Ese momento llegó en febrero de 1972 cuando, incapaz de con­tinuar la explotación, Ferrocarriles de La Robla renunció a la con­cesión y entregó sus instalaciones a Ferrocarilles Españoles de Ví­a Estrecha (FEVE). Para gestionar el tren, se constituyó una admi­nistración compartida por las dos entidades. La sociedad recibió una indemnización de 54.466.000 pesetas por determinados bienes. Una de las medidas de FEVE consistió en desgajar los tramos Bilbao­Balmaseda y León-Cistierna de la lí­nea general e incorporarlos a la división de cercaní­as, dentro de la propia compañí­a. Por fin, en la Junta Extraordinaria de 25 de junio de 1982, los resignados ac­cionistas acordaron por unanimidad la disolución de la sociedad.

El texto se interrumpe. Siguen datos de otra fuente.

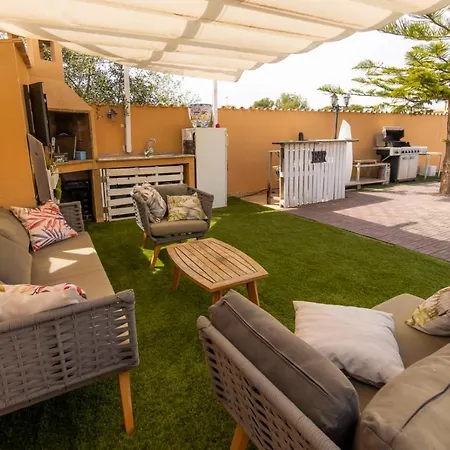 Villa La Zenia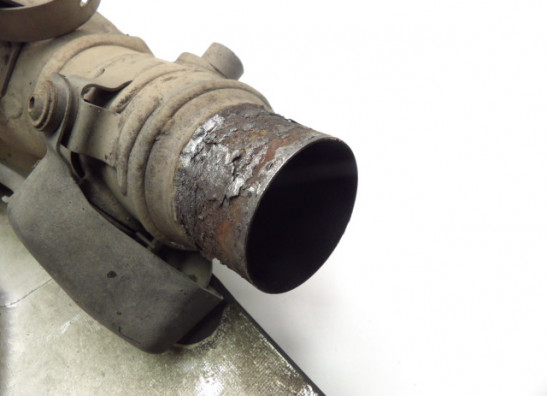 Uitlaat Kawasaki Z 800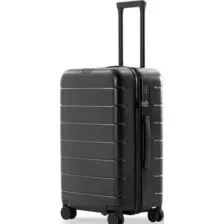 Чемодан Xiaomi Luggage Classic Pro 28 BHR8605GL, черный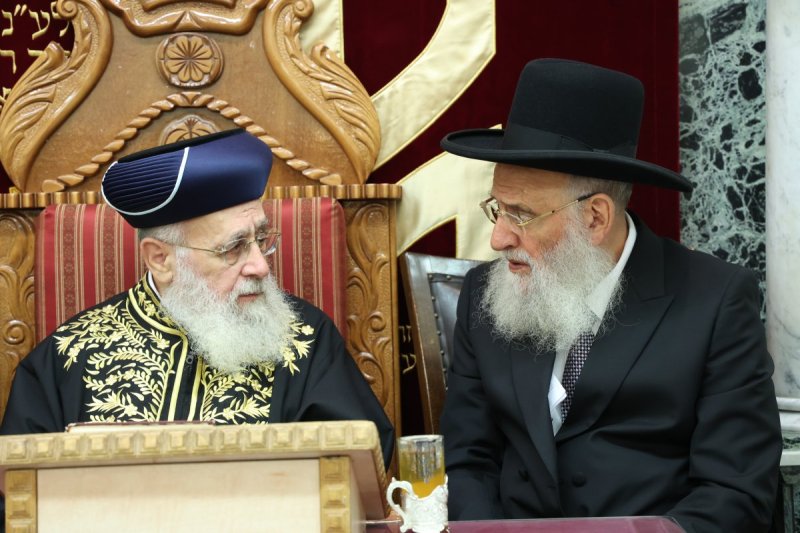 דוד ארזני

Las reformas que emprendió FEVE gracias a su mayor dispo­sición de medios, como la compra de nuevo material y obras en las ví­as y los talleres, no evitaron que la lí­nea principal, La Robla­Balmaseda, siguiese perdiendo mercancí­as y viajeros y acumulan­do pérdidas. El 27 de diciembre de 1991 se cumplió la orden de clausura por motivos de seguridad del tramo Matallana-Bercedo, dada por la Secretarí­a General para los Servicios del Transporte del MOPT. Aunque se puso en marcha un servicio sustitutorio de auto­buses, la Junta de Castilla y León y los Ayuntamientos afectados protestaron, ya que el cierre dejaba aislados a muchos pueblos, tanto más en invierno, cuando las nevadas dificultan la circulación por carretera. Las negociaciones posteriores han dado como resultado un acuerdo, firmado el 6 de abril de 1993, por el que FEVE invier­te casi mil millones en la infraestructura ferroviaria del tramo León- Guardo (que pasa í­ntegramente a cercaní­as), la Junta aporta los 159 millones anuales del déficit de explotación de la lí­nea y los sindica­tos aceptan reducir la plantilla. Por otro lado, FEVE ha ofrecido a las productoras de cine el uso del tramo Guardo-Arija y vagones y locomotoras restaurados para ambientar pelí­culas de época; ade­más baraja la puesta en marcha de trenes turí­sticos, al estilo del Bilbao-Bermeo, aprovechando la belleza de las comarcas que atraviesa.

El tren de La Robla conmemora su centenario de una triste ma­nera. Perdida su función original de transportar hulla a los hornos de Bilbao, del que fuera el tren de ví­a estrecha más largo de Euro­pa sólo quedan abiertos los tramos rentables.